§ **Activity**
Would you retype the whole listing verbatim, keeping pictures out of it?
Data extract below:
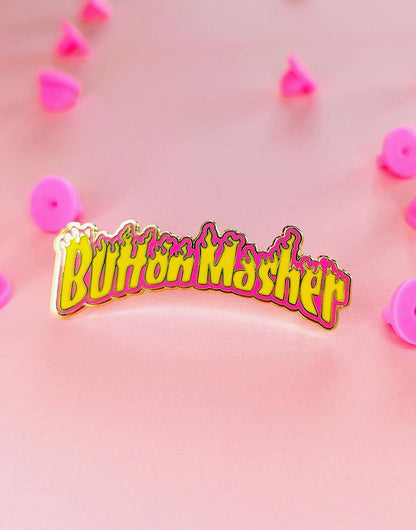 button masher gaming enamel pin on pink background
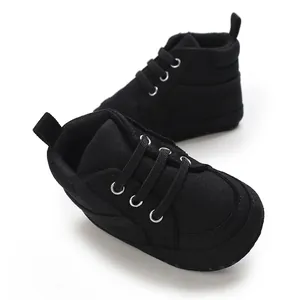 Détail de chaussures de marche bébé en toile noire avec semelle souple et lacets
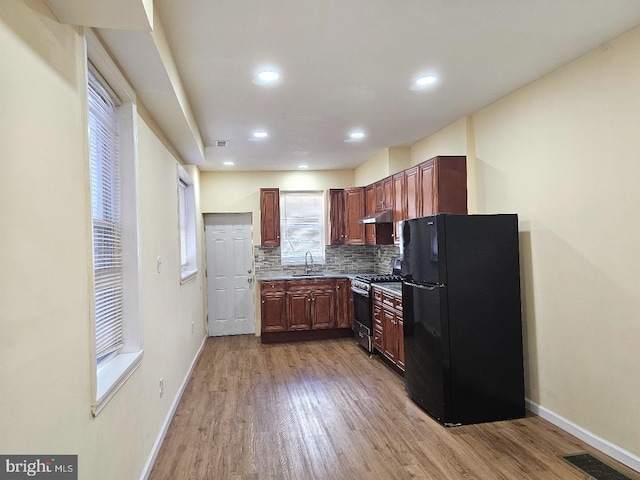 kitchen with stainless steel range with gas cooktop, freestanding refrigerator, a sink, and baseboards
End of Data extract.
§ **Answer space**
 button masher gaming enamel pin on pink background
 Détail de chaussures de marche bébé en toile noire avec semelle souple et lacets
 kitchen with stainless steel range with gas cooktop, freestanding refrigerator, a sink, and baseboards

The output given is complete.